Move Over Girls, Trans Women Athletes are Here

That’ll teach her. 

Martina Navratilova - widely regarded as the greatest female player in tennis history and a hero of the LGBTQ community since she came out as bisexual in 1981 -  just learned what happens to those who stray from the new rules of the transgendered orthodoxy.

Dare to suggest that trans women - biological men who identify as female - are likely bigger, stronger and have more muscle mass than women and you’re in trouble.

You will be scorned. 

You will be  reviled. 

You will be called transphobic and removed from boards that once were honored to have you.

What did Ms. Navratilova say that’s suddenly made her a pariah in the LGBTQ world?

“You can’t just proclaim yourself a female and be able to compete against women," wrote Navratilova in this week’s London Sunday Times. "There must be some standards, and having a penis and competing as a woman would not fit that standard.

I promised to keep quiet on the subject until I had properly researched it... well, I’ve now done that and, if anything, my views have strengthened. 

“To put the argument at its most basic: a man can decide to be female, take hormones if required by whatever sporting organization is concerned, win everything in sight and perhaps earn a small fortune, and then reverse his decision and go back to making babies if he so desires.

“It’s insane and it’s cheating. 

“I was happy to address a transgender woman in whatever form she prefers, but I would not be happy to compete against her. It would not be fair”.

Common sense.

Yet the reaction to her opinion piece has been anger from LBGTQ activists.

Nevertheless, Navratilova says she is not backing down. Why should she? Navratilova is simply saying what most fair-minded folks are thinking: Male and female athletes have traditionally competed separately. For a reason.

As it happens, transgendered athletes are in the news this week.

In Connecticut last weekend two transgendered girls took first and second place at the state high school track championships. Parents there are asking the governing body to ban transgendered athletes or at least set hormone standards. The AP reports that Connecticut is one state that allows trans kids to compete without restriction.

Here’s what one top-ranked Connecticut girl had to say about running against transgendered competition.

“We all know the outcome of the race before it even starts; it’s demoralizing,” Selina Soule said. “I fully support and am happy for these athletes for being true to themselves. They should have the right to express themselves in school, but athletics have always had extra rules to keep the competition fair.”

Beyond that, a running phenom in NCAA women’s track is dominating the national competition and setting records one year after competing as a man at the same level. Read this piece in The Daily Caller about CeCe Telfer and other trans women athletes. While you’re at it, note the photo of one Hannah Mouncey from Australia that accompanies the story.

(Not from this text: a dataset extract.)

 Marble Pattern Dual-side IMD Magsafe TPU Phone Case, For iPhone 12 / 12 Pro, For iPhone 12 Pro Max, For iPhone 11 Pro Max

Before he began to transition, Mouncey played on the Australian Men’s handball team. Once the athlete began transitioning, she moved to the women’s Australian rules football. She left that sport after testosterone levels were tightened. She now plays women’s handball.

Just this week, NBC gushed that trans athletes are “breaking barriers in high school, college and pro sports.” As if that’s a good thing. What NBC didn’t point out was that these are always trans women dominating biological women. Not trans men beating men.

Is anyone surprised?

Here’s an anecdote that may or may not be illustrative: In the late 1970s I briefly played on a competitive women’s ice hockey team. I wasn’t great, but some of my teammates were. To hone our skills, several of us joined a co-ed pick-up ice hockey league, playing against older men - in their 30s and 40s - who were just recreational players.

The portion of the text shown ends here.